Una “leva” è composta – oggi – da 460.000 nuovi nati italiani e da 70.000 infanti stranieri. Vent’anni fa, gli italiani erano 550.000 e gli stranieri 20.000 (tutte le cifre sono state arrotondate).

Che il “seme italico” stia percorrendo un lungo ed inevitabile declino, già lo sapevamo: che succede se, di quel mezzo milione circa, se ne vanno ogni anno in…facciamo 50.000?

Ve lo dico io che sono stato insegnante: se ne vanno i migliori, quei 3-4 per classe che fanno la differenza.

Col tempo, emigreranno anche 2-3 che andranno a fare i falegnami od i saldatori, così – in Italia – rimarranno i peggiori. I figli degli extracomunitari seguono un percorso similare, ma pochi riescono ad emergere, almeno per ora.

Una parte dei bimbi-minkia rimanenti si sistemerà – grazie ai buoni uffici di papà e mammà – in politica, andranno ad ingrossare le fila di quel milione d’italiani che campa credendo d’essere classe dirigente. Diventeranno, così, mezza-età-minkia ed anziani-minkia: ma benestanti ed in buona salute.
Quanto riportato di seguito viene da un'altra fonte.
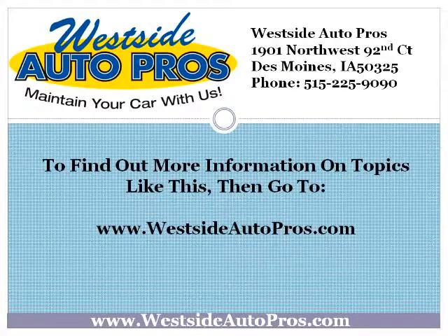To find out more information on topics like this, go to www.westsideautopros.com.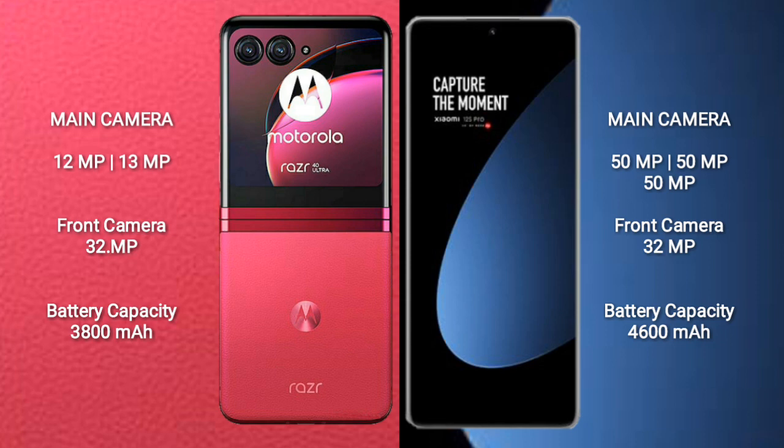The Motorola RAZR 40 Ultra has a 3800mAh battery with 30W fast charging support. The Xiaomi 12S Pro has a 4600mAh battery with 120W fast charging support.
Gli altri, si leveranno il sangue per pagare fior di tasse (e mantenerli) e seguiranno una vita ritmata dai piani industriali di Marchionne e dalle promesse del Renzi di turno. Moriranno poveri, senza mai arrivare ad uno straccio di pensione, perché i bimbi-minkia, quando cresceranno, alzeranno l’asticella ogni anno. Già lo fanno oggi, figuriamoci domani: un vero e proprio scenario da Orwell. A ripensarci, meglio Huxley con le sue allucinate felicità.
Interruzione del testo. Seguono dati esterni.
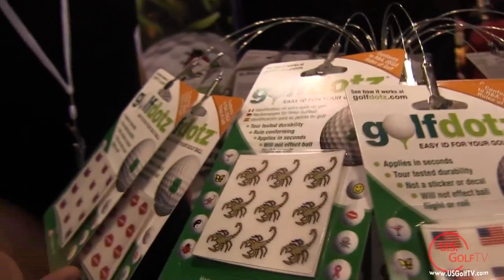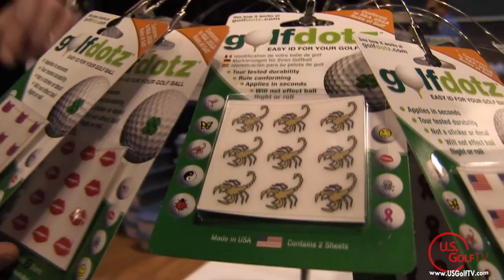This is Todd Kobe with US Golf TV. We're here at the Merchandise Show and we're down here seeing a lot of good friends. David, we're back again for another year with Golf Dots — this is exciting. Your booth is hopping this year, tell me why. What's going on here? This is crazy.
Andandosene, si raggiungono due specifici obiettivi: si campa meglio, al diavolo tutta la retorica sul “belpaese” e sulla patria (min). Magari non ci sarà il mare o il bosco di casa, ma tornate a chiedere a quelli che hanno mare e bosco come campano.

Il secondo obiettivo è meno appariscente, ma più “strategico”: mi dite voi, come farà a sopravvivere (od a decollare economicamente) un Paese che non ha un futuro industriale, un futuro agricolo e nemmeno turistico? E quando non ci saranno più teste pensanti (che già oggi contano poco o niente)?

Sarà una nazione che crollerà lentamente, ma più in fretta del previsto: più in là non mi spingo – la mia età non me lo consente – e ci sono giovani scrittori che hanno bisogno di scrutare il futuro: lo facciano, si divertano e soffrano un poco anch’essi.

Da parte mia, ho già scelto: Madeira. Dovrò prima mettere a posto alcune cose, mettere in mare la Gretel e poi veleggiare. Le mie ceneri riposeranno in Atlantico? Non importa: il mare, a pensarci un attimo, è uno solo che tutto circonda ed accarezza. Sono gli uomini a dargli tanti nome diversi, per distinguersi gli uni dagli altri e dimenticarsi così che non esistono le razze, ma solo la specie.